The Epoch Times quoted a report made by the Central News Agency that Ms. Erika Mann, a Member of the European Parliament, published an article in the Wall Street Journal on March 17th, arguing that the European Union should not lift the arms embargo to China. In the article, she stressed that many legislators on both sides of the Atlantic firmly oppose the EU’s intention to lift the embargo.
This article, entitled “They will call us hypocrites”, pointed out the EU’s lifting of the arms embargo is equivalent to flouting the values that the EU stands for. It is also a heavy blow to those people who devoted themselves to promoting democratic reform in China.
Ms. Mann commented, “the European Parliament has made its concerns about China abundantly clear in the past three years. The discussion of the European Parliament last November led to a consensus that Beijing would need to make concrete steps toward human rights improvement before the embargo would be lifted. The European Parliament also specifically called on China to ratify the 1996 U.N. Convention on Civil and Political Rights.”
Many European countries are committed to lifting the embargo. As a key political figure of Germany’s Social Democratic party, Ms. Mann said the rationale for such a move is a mix of pragmatism and real politics and it doesn’t add up to a responsible policy.
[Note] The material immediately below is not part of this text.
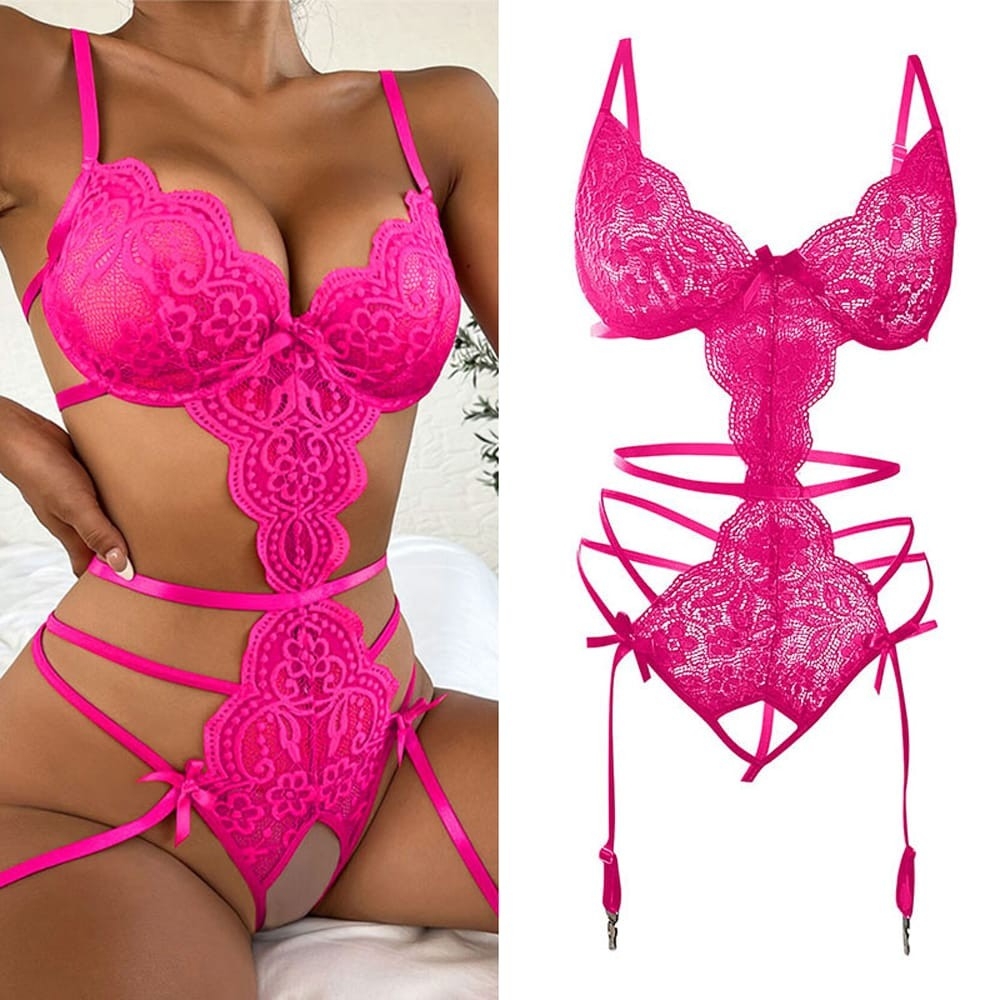 Sexy Lace Bra Set Women's Transparent Lingerie Crotchless Underwear Bodysuits Sexy Erotic Outfit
She pointed out that these “pragmatists” find no reason why the European ammunition industry should be cut off from winning lucrative weaponry deals while China is striving in building up its military capabilities. In addition, these advocates argue that China has joined the WTO and it should be rewarded for its gradual progress in becoming a ‘normal’ member of the international community.
Some of these advocates also reassure the public that lifting the arms embargo does not mean a sudden flood of European weaponry to China. They claim the new code of conduct will set effective restrictions to prevent transfers of sensitive military goods and technologies. The pragmatists also argue deviously that the increase would not encourage a Chinese attack on Taiwan, since China supposedly already possesses these capabilities.
These pragmatists also say that arms exports from countries like Germany are always subject to the strict control of national legislation. The message they try to deliver is, “nothing very serious will change, but lifting the embargo will be symbolically important.”
Ms. Erika Mann stressed that this symbolism, in her view and those of her colleagues, is the very reason why the arms embargo must be kept in force. In an open letter that she wrote to the German Chancellor Gerhard Schroder with three other German Members of the European Parliament, she said, “although the European Union consists of twenty-five member states that diversify in many ways, the citizens of the European Union share one set of fervent values: democracy, the rule of law, civil rights and peaceful relationships between nations”.
She continued, “These principles form the foundation for the EU’s growth and prosperity. All of the eight nations of Central and Eastern Europe who joined the EU last year sought membership almost immediately after the fall of the Berlin Wall. Certainly, they wanted to share the EU’s economic opportunities but, equally important, they also wanted to take advantage of the opportunity to set up a political framework dedicated to the promotion of democracy and human values”. She emphasized that if the EU wants to avoid charges of hypocrisy, it must refuse to support regimes that are in open conflict with its core values.